I. The Puppeted Puppetmaster
A double life. A spy. Deceiving those who didn't trust you in the first place...was it better than deceiving those who trusted you implicitly?
A good man. An advocate for the citizens of Midgar. To comply with a broken system that destroyed lives for the sake of progress...was it worse than deception?
Reeve's mind was full of questions, of dedication, of good intentions, but devoid of answers.
II. Freedom
Night-visioned blurs raced past, ipatter-patter, whoooosh-thump/i. Traveling companions asleep, he was alone, alone with the trees and the structures of a place he'd never been.
Mechanical legs pushed into the air, paws grabbed deftly at the roof of a brick-and-clay hut, ambling to the top, pad-pad-pad. Those legs ran, ran, shot clear to the next hut with another graceful leap.
Physically, Cait Sith felt nothing, like a dream, a window to another world. No pump of blood, no harsh surface against his paws. Mentally, Reeve felt a sense of awe. This little village, so quiet and worn down...

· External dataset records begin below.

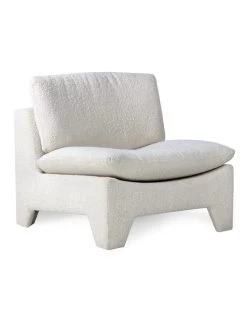 Retro Lounge Fauteil - Boucle Cream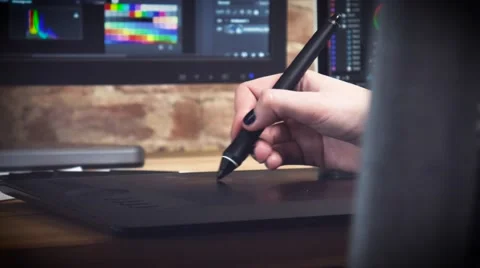 Creative designer working on an art project Stock Footage 62241411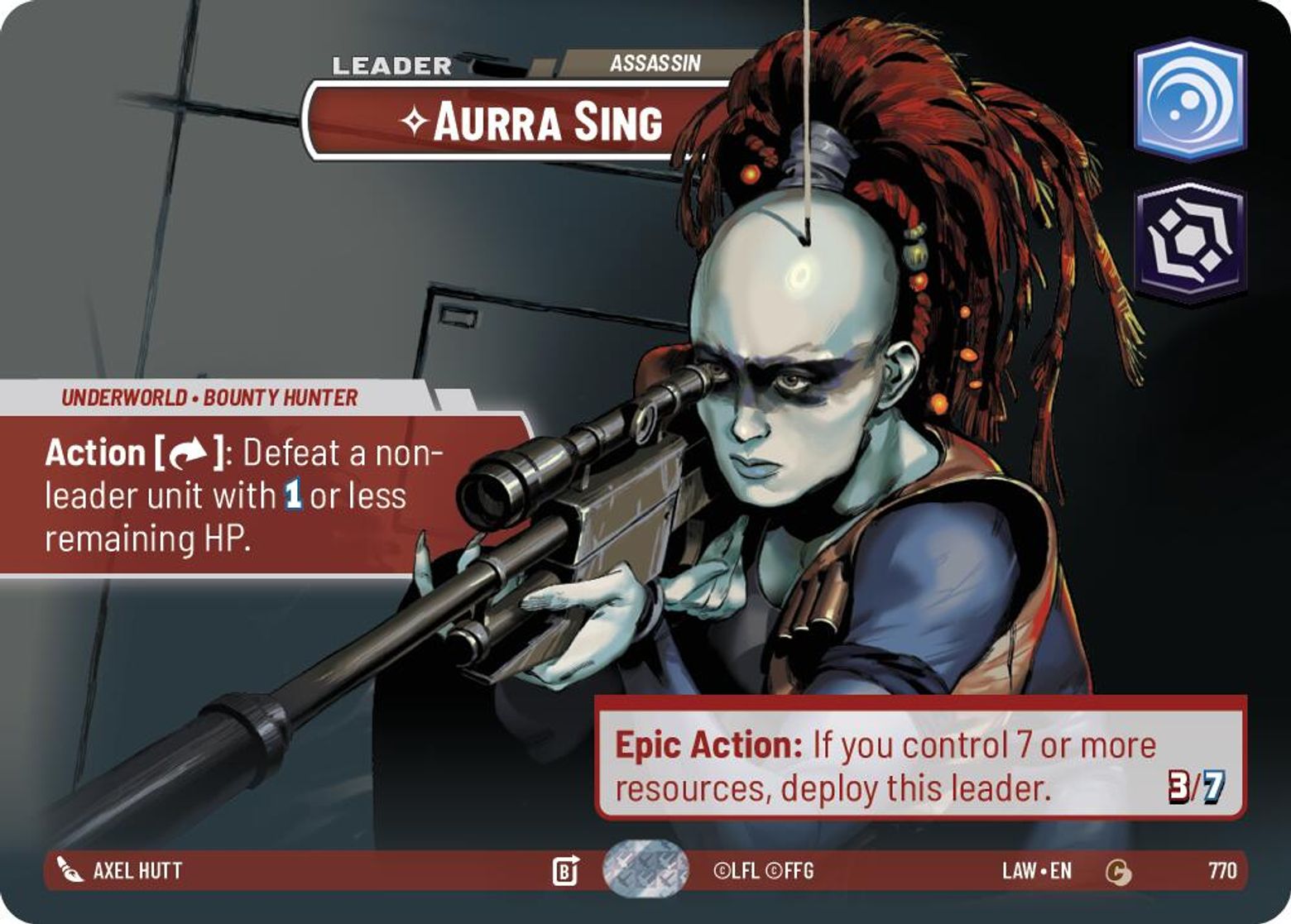 Aurra Sing, Assassin — A Lawless Time 770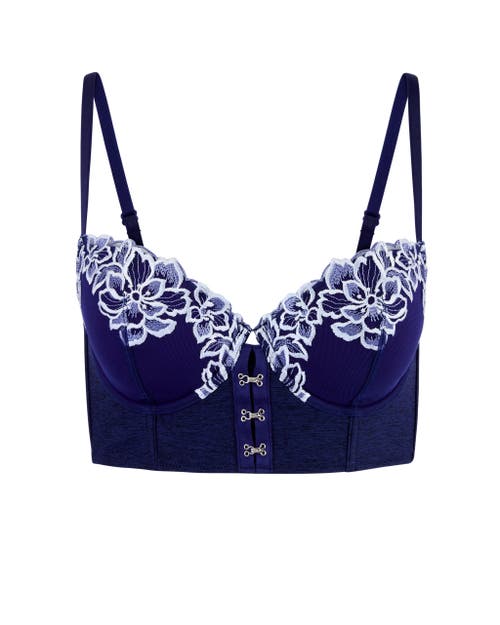 Shop Adore Me Britta Contour Demi Bra In Dark Blue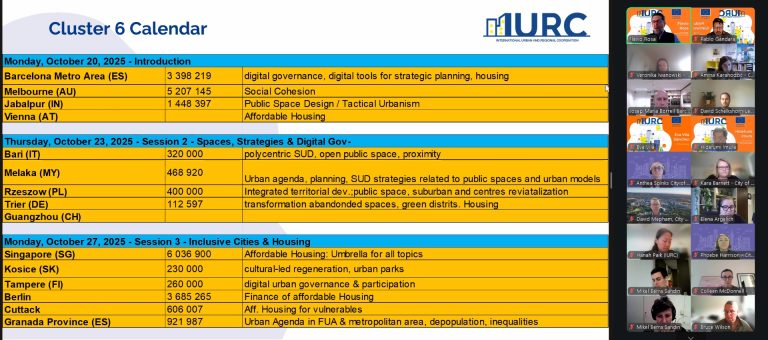 IURC AA Cities Exchange Approaches to Social Housing, Regeneration and Inclusive Neighbourhoods in Cluster 6 Deep Dive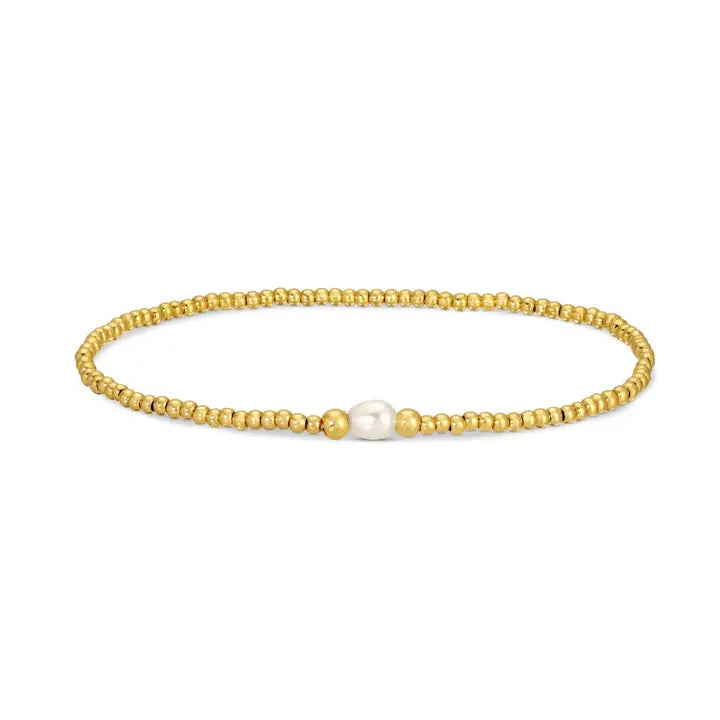 2mm Delicate Pearl Bracelet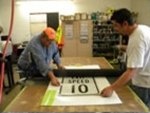 Sign lamination onto sign blank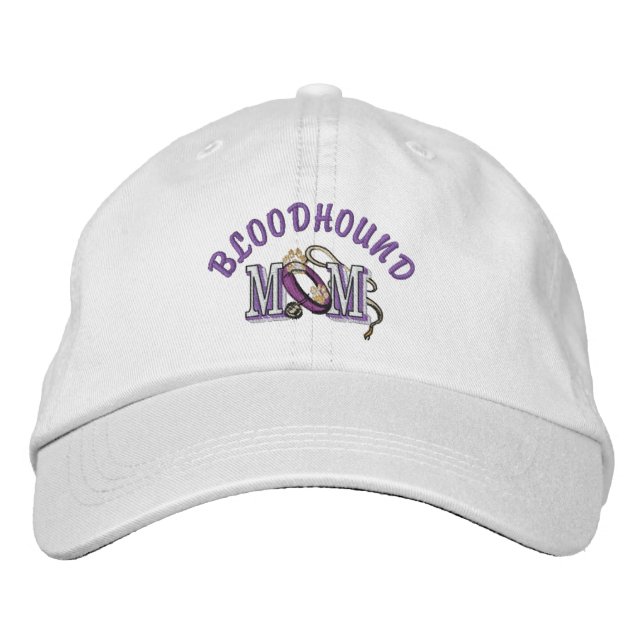 Gorra Bordada Bloodhound Dog MOM (Anverso)
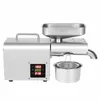 A stainless steel automatic oil press machine is shown against a white background. Podgląd zdjęcia produktu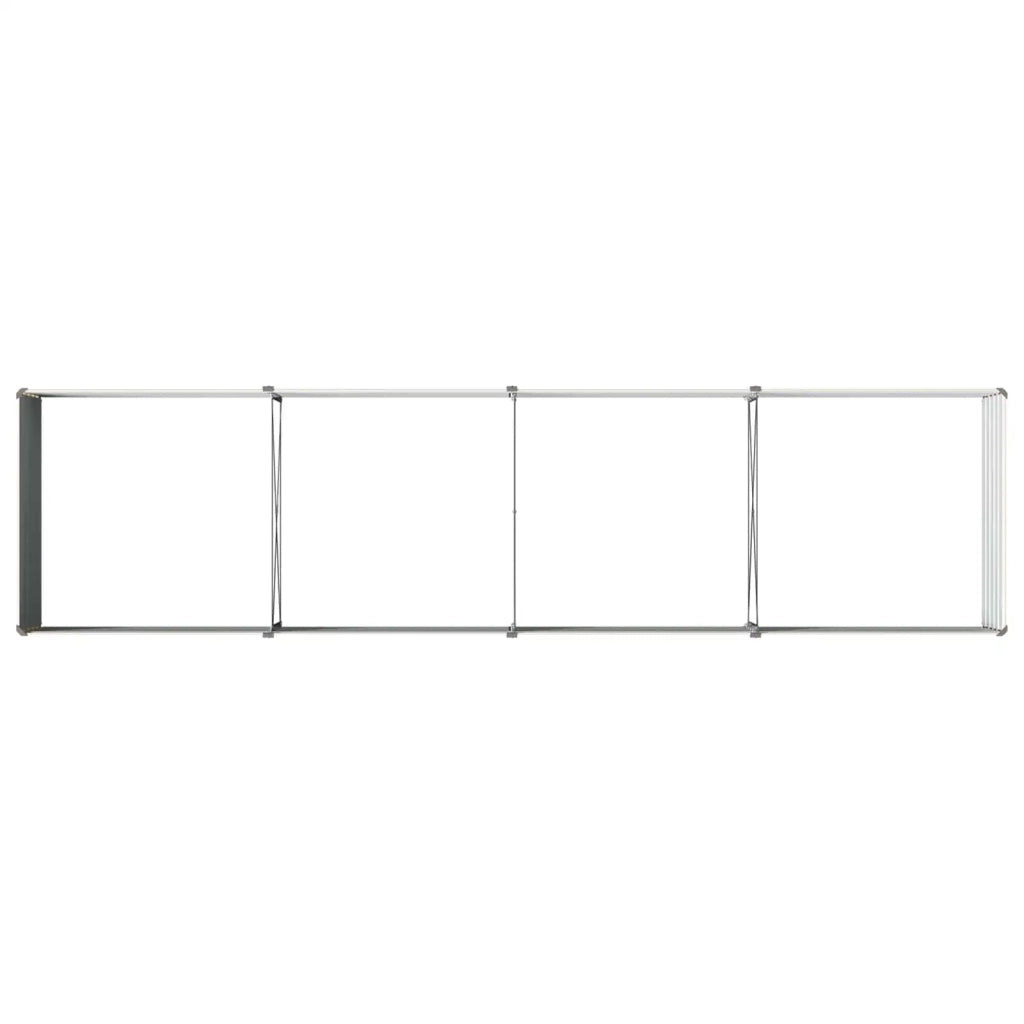 Letto rialzato da giardino Avorio 320 x 80 x 55 cm 8006425
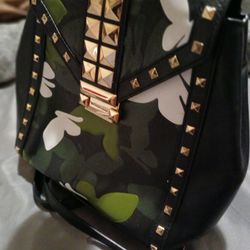 MICHEAL KORS WHITNEY MEDIUM  BUTTERFLY CAMO LEATHER BACKPACK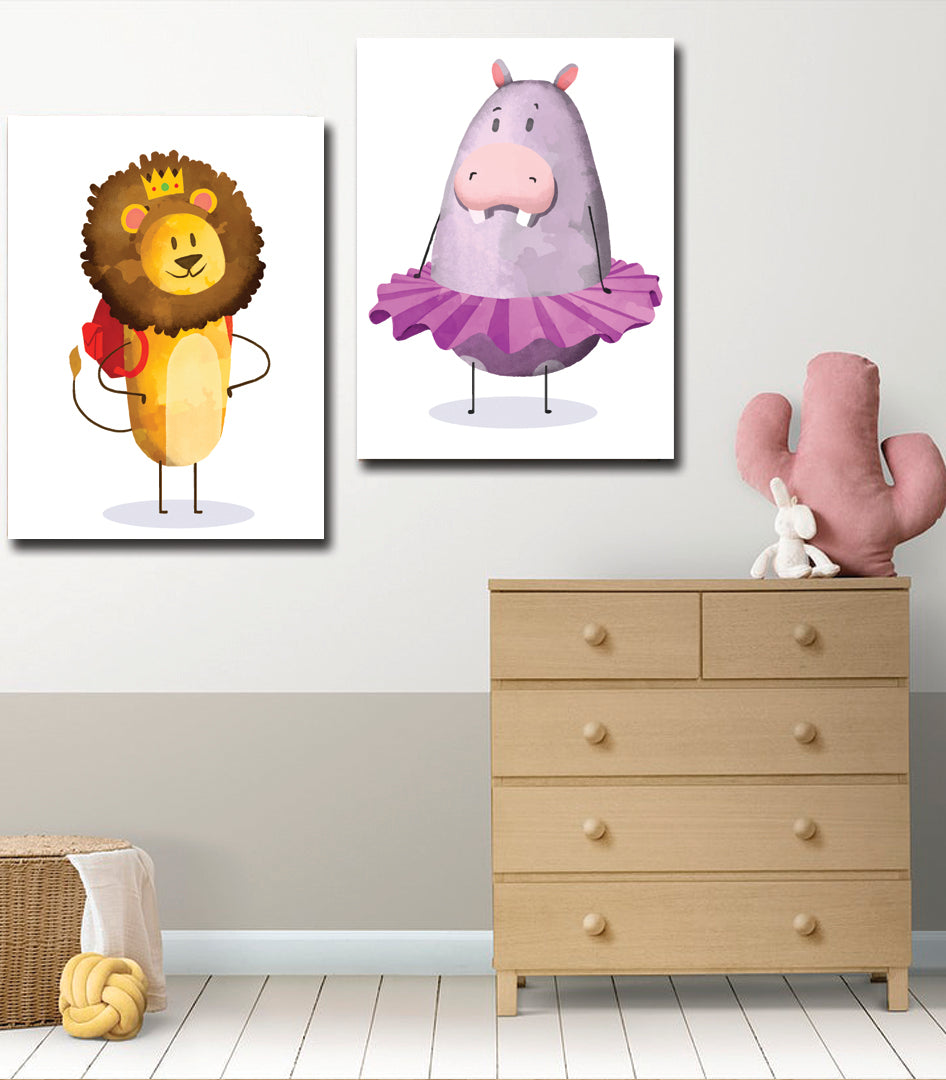 Lion vs Hippo 'Kids Collection'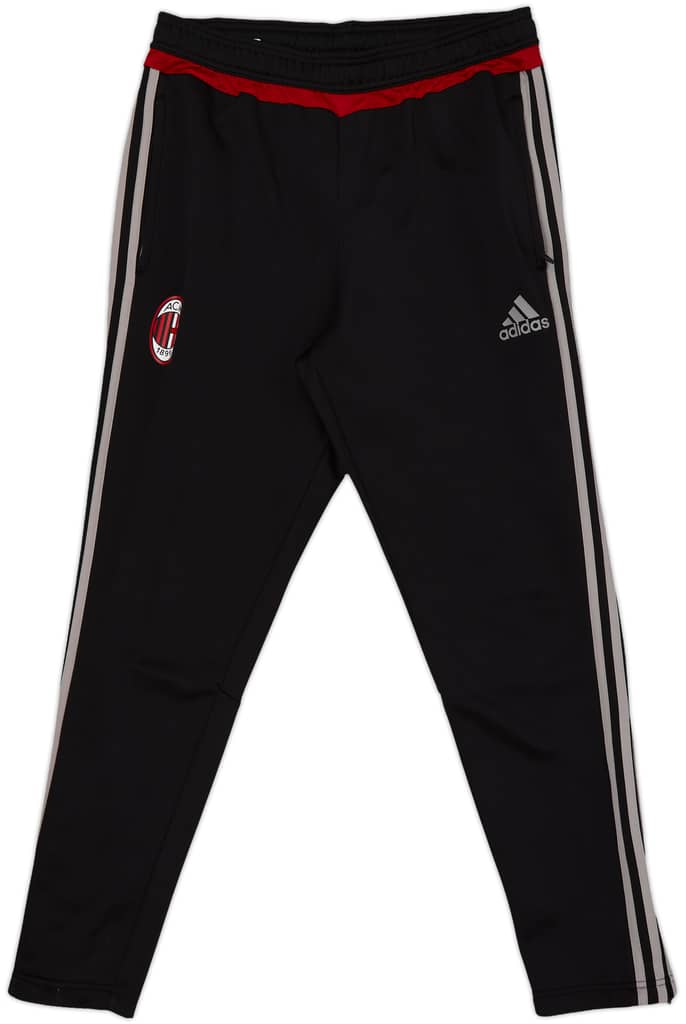 2015-16 AC Milan adidas Track Pants/Bottoms - 9/10 - (L)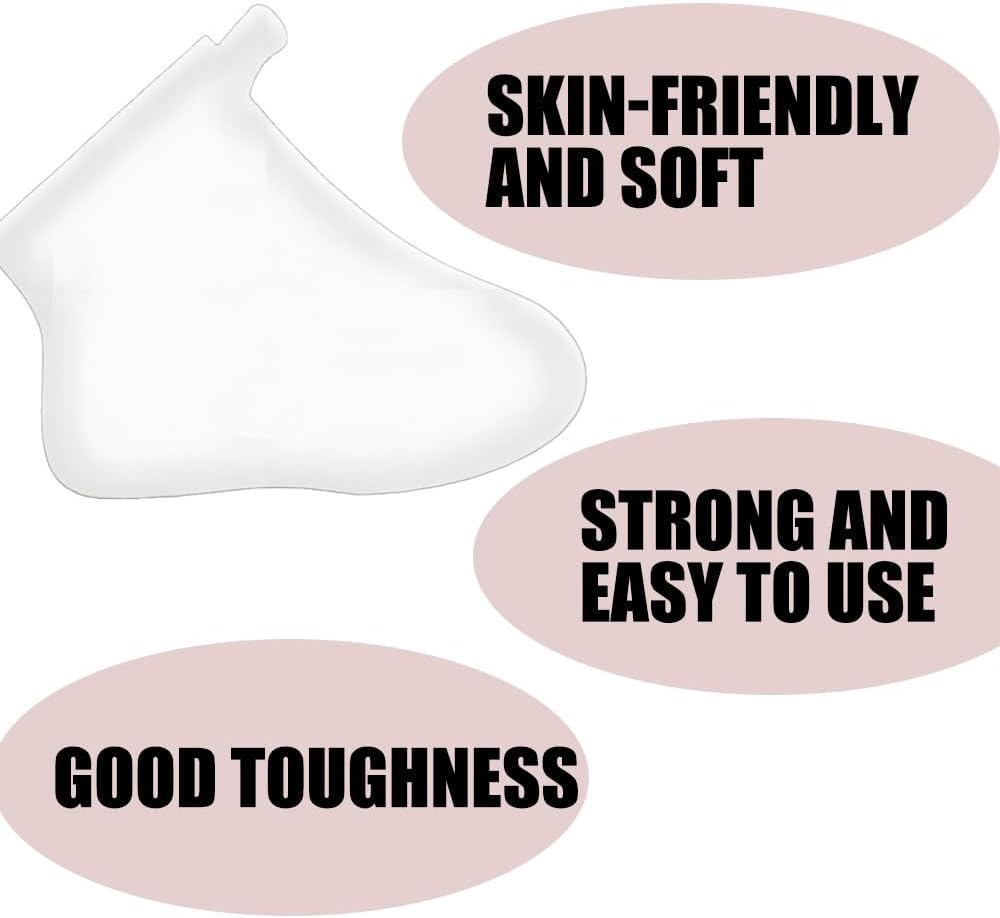 Pack of 100 Clear Plastic Disposable Boots Paraffin Bath Liner Foot Mask for Foot Pedicure Hot Spa Wax Treatment Foot Covers Bags Paraffin Foot Mask Socks image number 4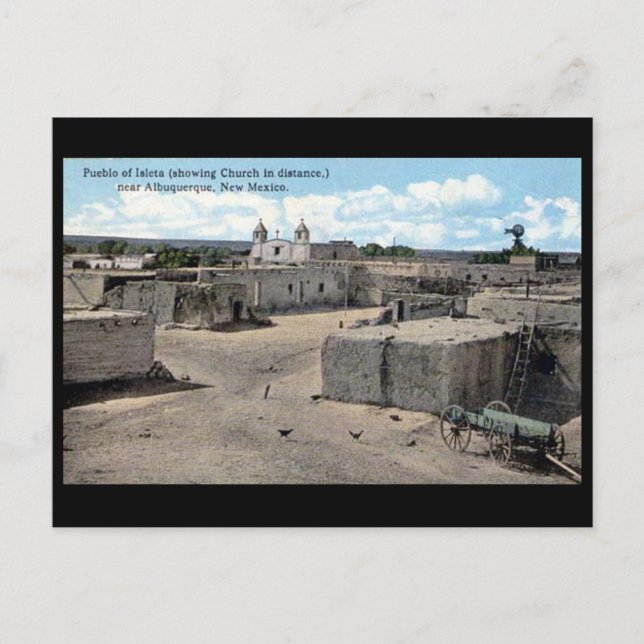 Old Postcard - Isleta, New Mexico, USA (Front)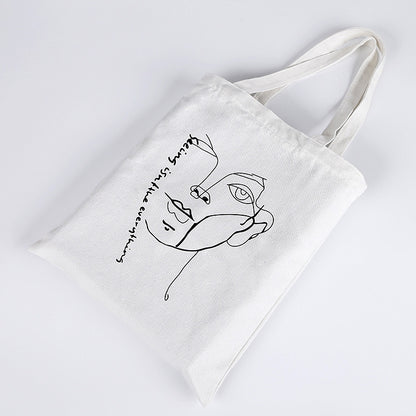 Eco-Friendly Reusable Cotton Tote Bag - Sustainable Shopping Solution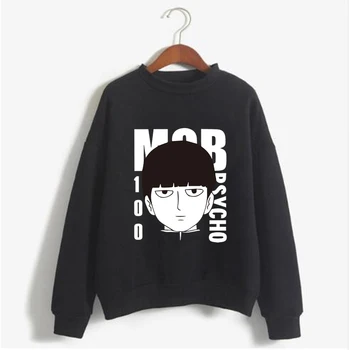 Japonski Anime Smešno Mob Psiho 100 Hoodies 2020 Pozimi Japonskem Slogu Sweatshirts Ulične za Ženske/moški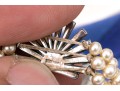 Vintage Richelieu Costume Pearl, Faux Diamond And Sterling Silver Choker Necklace, Boxed 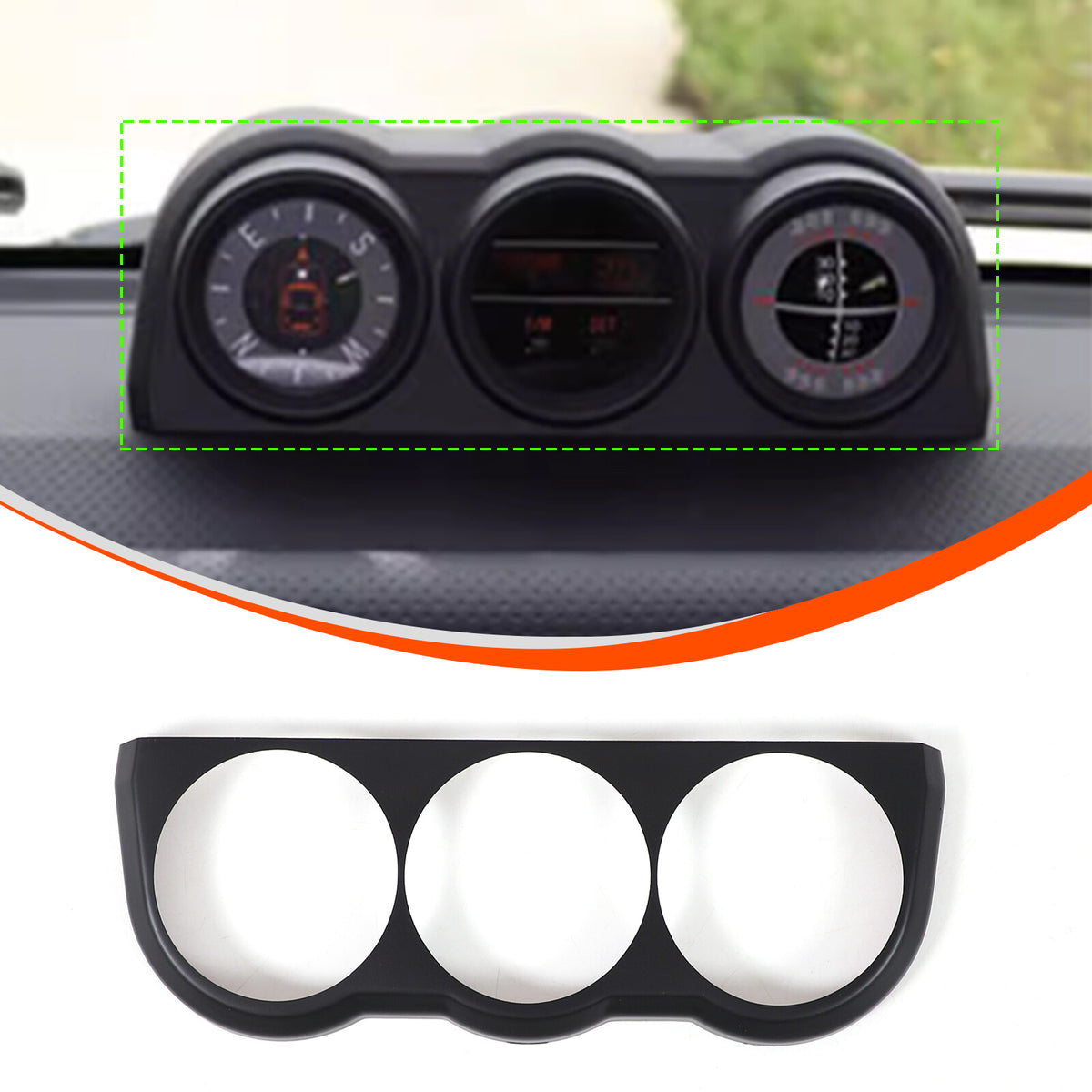 Matte Black ABS Interior Full Set Cover Trim Kit Set For FJ Cruiser 2007-2021 4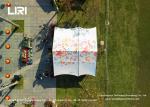 Custom PVDF membrane Safari Nomadic House Tents For Flower Market With Logo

A blown reactor in the distance. A reactor he'd designed, so out of place in this scenery.
Tiny legs walked clink-clink over a metal patch in the roof. The world outside of Midgar, at his fingertips without ever leaving his desk... Watching Cloud and the others was his assignment, but exploration satisfied a sense of curiosity.
Cait Sith needed to return to the group before his absence was noticed. Reeve needed to leave the office and get some sleep before he made a pillow of his keyboard again...but for now, he would run, leap, scramble with a skill his executive-stiffened human body could never manage.
III. Memory
When Reeve was a child, small hands built small towers from scrap metal he found in an alley, forming little cities in his room, each tended with care. One corner tower crept as high as the ceiling.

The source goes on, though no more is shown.